Hi fellow gear acquirers!

Have you seen any of the videos reviewing the Vectorsynth (hardware)? It is a thing of beauty and looks like a ton of fun. Especially the orbiters on the XY pad.



As is my wont, I have been thinking about ways to emulate the centerpiece, namely the orbiters on the XY pad. The Nano Blocks for Reaktor have XY pad blocks - I guess you would have to feed them sines for both dimensions for a simple full circle and then modulate those sines for the trickier orbits.

Oh and there's a dedicated vector synth module in VCV Rack I wanna check out...

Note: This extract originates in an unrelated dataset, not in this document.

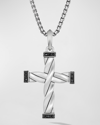 DAVID YURMAN MEN'S DY HELIOS CROSS PENDANT WITH DIAMONDS IN SILVER, 48MM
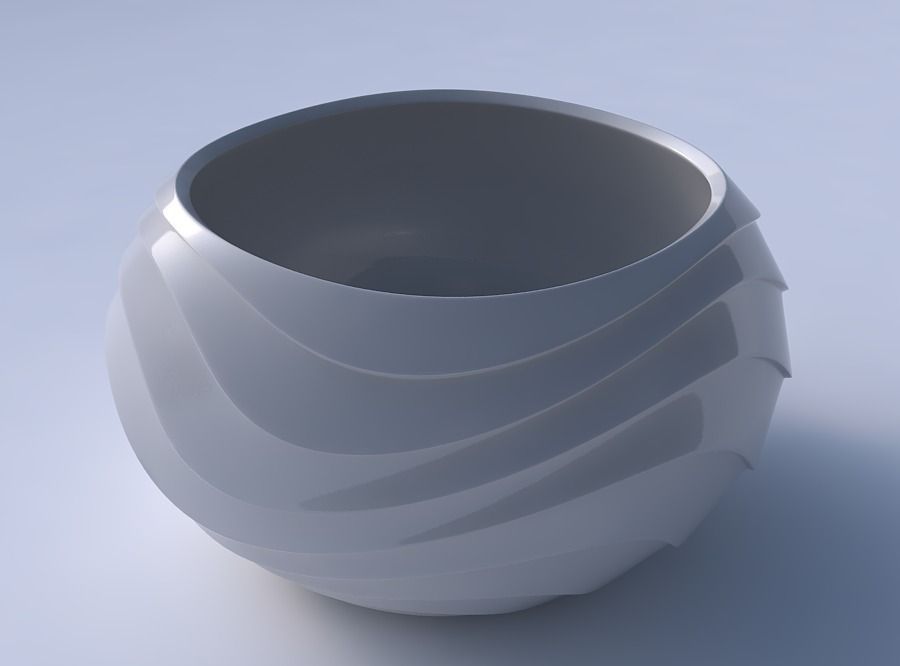 Bowl spheric twisted with horizontal wavy inverted layers 3D print model_3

It is at any rate a wonderful concept and since a very long time the first hardware synth which really made me go "how much is this thing?!"


----------



## Tusker (Dec 30, 2022)

Thanks for tip about XY blocks. Will look for them. This is very exciting. Great build quality. Not a math wiz so am wondering what the math difference is between a vector lfo and two lfos? Loving the visual aspect of the vectors. There is a tiny bit of this in the Animoog too, I guess.


----------



## doctoremmet (Dec 30, 2022)

There are vector options for Voltage Modular as well.


----------



## Teksonik (Dec 30, 2022)

muratkayi said:


> Oh and there's a dedicated vector synth module in VCV Rack I wanna check out...


What about Rob Papen's Quad or Vecto? 






Quad vst features







www.robpapen.com


----------



## Pier (Dec 30, 2022)

Obviously the guy is clearly an overexcited Youtuber making exaggerated claims but the synth sounds great and seems super cool!

It would be great if they offered a plugin version too that can be 100% controlled by the hardware. Honestly I'm surprised this isn't standard practice by digital synth manufacturers (eg: Waldorf).


----------